Yet all these efforts came to naught: the Revolution deepened, flourished, and gained immense international prestige.

Of course, such great achievements don't spring from the breasts of a small group of people: it was the millions of Cuban people--backed by greater millions of supporters around the world--who not only dared storm heaven, but to hold on to it intransigently.

Clearly, though, the team of revolutionaries led by Fidel Castro--a conscious organization of communists--played a critical role in successfully leading their fellow Cubans to not only overthrow capitalism, but to defend and extend their Revolution.

In all this, Manuel Piñiero was a central figure, whether as an outstanding young activist helping prepare the way launching the armed movement against the Batista dictatorship, head of rebel forces in Cuba's second-largest city following the insurrection, or leader of the Rebel Army's Directorate of Intelligence.

But "Red Beard" was at least as prominent as leader of the General Directorate of National Liberation and head of the Communist Party Central Committee's Department of the Americas--roles which highlight his centrality in Cuba's efforts to aid revolutionary fighters throughout Latin America. In fact it was Piñiero who was Che's chief liaison officer and logistics coordinator when Che went to Bolivia.
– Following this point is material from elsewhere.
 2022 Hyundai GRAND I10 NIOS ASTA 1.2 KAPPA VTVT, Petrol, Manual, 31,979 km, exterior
"This is a man who ... was on a first-name basis with two generations of Latin American revolutionaries and leaders," Jon Lee Anderson (author of Che Guevara: A Revolutionary Life) told the New York Times.
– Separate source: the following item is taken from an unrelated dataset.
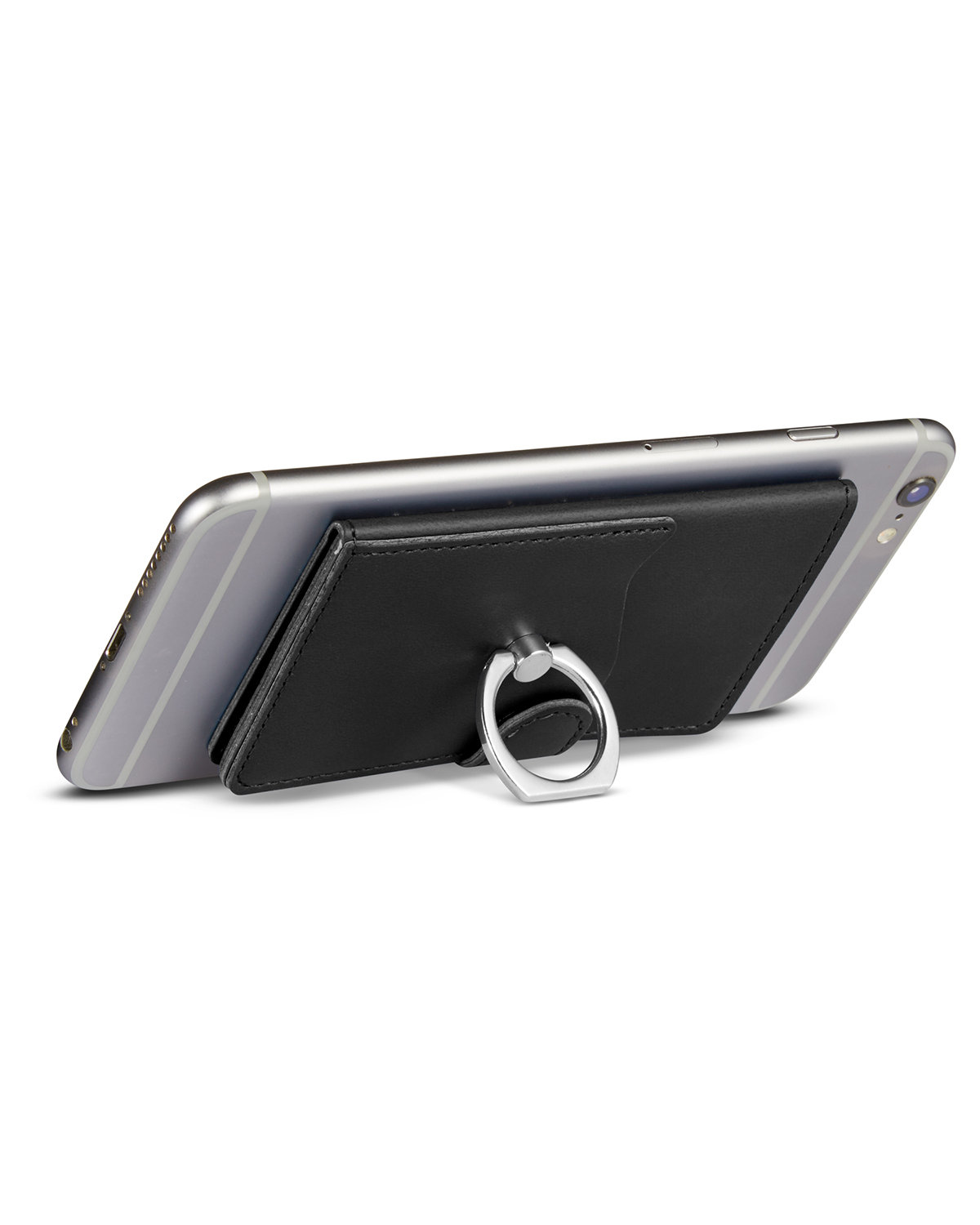 Picture of Tuscany Dual Card Pocket With Metal Ring.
But Piñiero acted not as "Cuba's Spymaster," as the New York Times put it. Nor was he a sinister Stalinist secret-police bureaucrat, as in Castañeda's social-democratic fantasy. Nor was he a genius locked in personal combat with the CIA, an "espionage wizard" in the Times formulation.

He was a leader, but it was the Cuban people--arming and organizing themselves, volunteering to uncover and even infiltrate counter-revolutionary organizations--who defeated the Northern Colossus. And it was revolutionary fighters by their tens, even hundreds, of thousands who gave Yankee imperialism such nightmares in places like Nicaragua, Grenada, El Salvador and many other countries in the Americas.

And it is they--along with a new generation of young rebels--who will ensure that Manuel Piñiero, like his comrade Che, will still live.